Politiques, constitutionnalistes et citoyens se sont en effet fortement opposés : certains avançaient que la victoire du non engendrerait rupture de l’équilibre démocratique, concentration des pouvoirs, consécration du populisme avec l’arrivée au pouvoir du Mouvement 5 étoiles (M5S), faillites bancaires et même un Italiexit, alors que d’autres affirmaient que la victoire du oui permettrait de relancer l’économie et de mettre l’Italie sur la voie d’un changement nécessaire mais aussi d’abandonner le pouvoir à une oligarchie et de favoriser la corruption au plus haut niveau de l’État (en raison d’un nombre important d’enquête visant les élus régionaux ces dernières années).

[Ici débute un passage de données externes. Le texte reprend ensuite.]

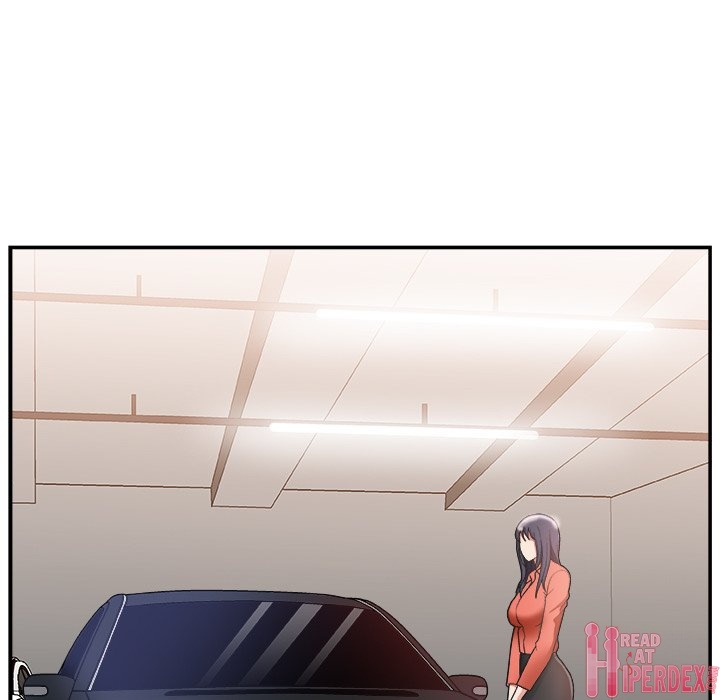 Miss Announcer chapter 15 page 27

■ Le problème de la nouvelle loi électorale
Que le oui ou le non l’emporte, une majeure partie de l’opinion concédait que le référendum allait ouvrir une période complexe de l’histoire de l’Italie en raison de l’adoption d’une nouvelle loi électorale dite Italicum, entrée en vigueur en juillet dernier. Ce texte a pour objectif de renforcer la majorité à la Chambre des députés en autorisant le parti qui obtient 40% des voix à en recevoir finalement 55%. Il favorise donc le développement d’un parlementarisme majoritaire et la bipolarisation de la vie politique.

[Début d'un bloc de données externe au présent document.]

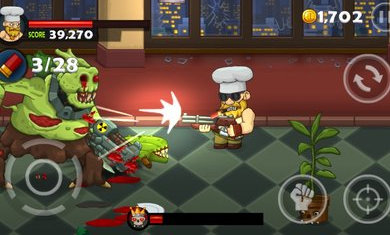 嗜血哈利无限金币版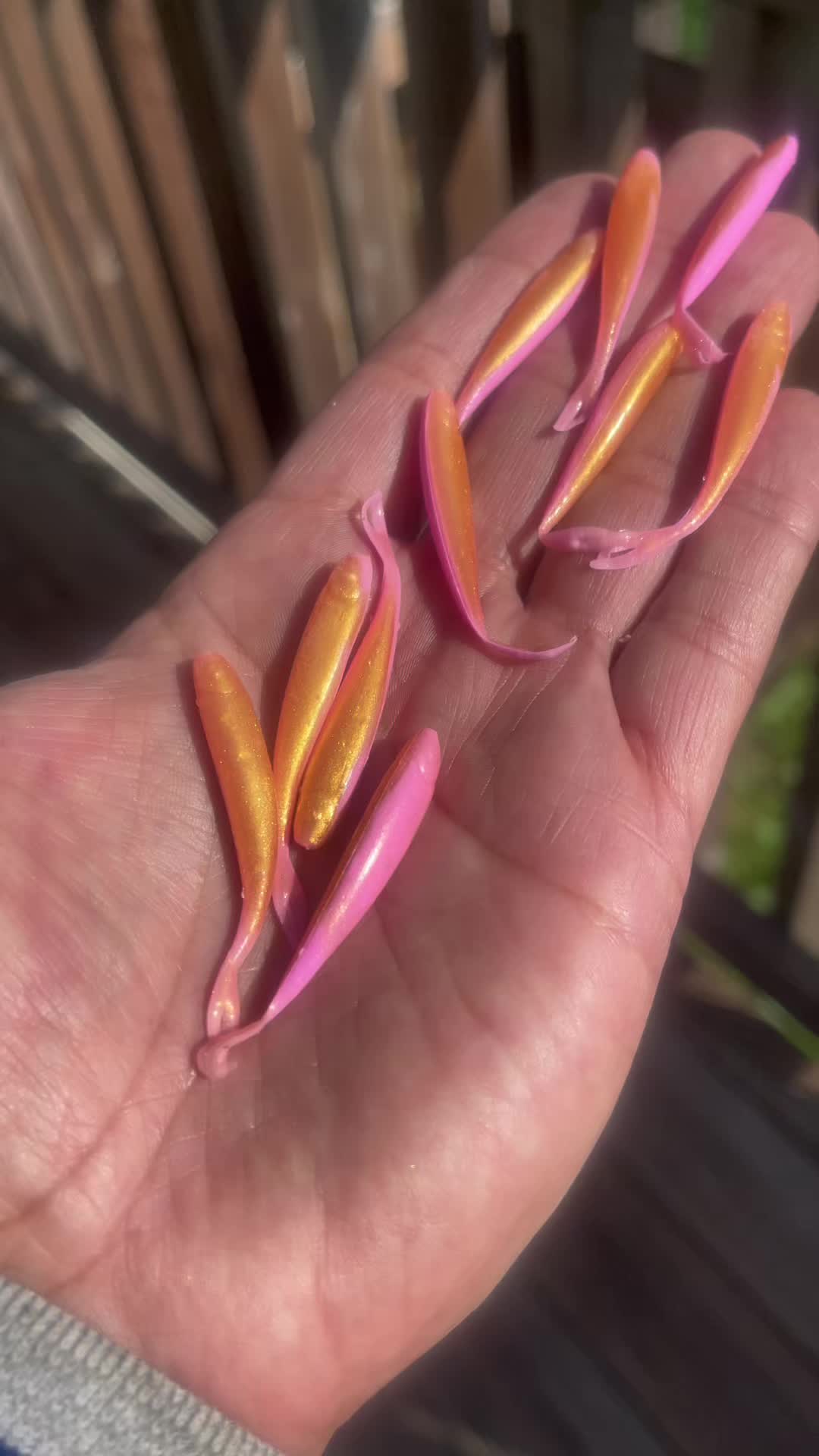 @Keep It Reel Trout Worms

Ainsi, si le oui l’avait emporté, plusieurs observateurs présumaient que Matteo Renzi allait demander la convocation de nouvelles élections afin d’asseoir la domination du Parti démocrate ; à l’inverse, si le non venait à gagner, le Président du Conseil ayant lié son sort à celui du scrutin, sa démission pouvait entraîner une dissolution des chambres par le Président et les élections générales risquaient d’amener au pouvoir le Mouvement populiste 5 étoiles (M5S) mené par Beppe Grillo.
■ Quelles suites ?
Pour l’heure, plusieurs hypothèses se profilent : le Président de la République peut renommer Matteo Renzi après avoir accepté une démission de principe après cet échec ; il peut également choisir de nommer un gouvernement technocratique pour rassurer les marchés financiers et procéder à la modification de l’Italicum ou alors, dissoudre les chambres et convoquer de nouvelles élections générales. Cependant, ce cas de figure est peu probable car il pourrait amener au pouvoir le M5S qui tient la tête des sondages.

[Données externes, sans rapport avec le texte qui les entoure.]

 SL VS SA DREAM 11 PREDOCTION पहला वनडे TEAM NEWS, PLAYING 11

Une chose est donc sûre : au lendemain de ce désaveu politique, il est grand temps de repenser le dialogue entre représentants et représentés. Beaucoup s’accordent sur le fait que cette réforme a réussi à cliver la société italienne sur un sujet finalement peu urgent sans permettre au Gouvernement de se concentrer sur les véritables moyens de relancer le pays.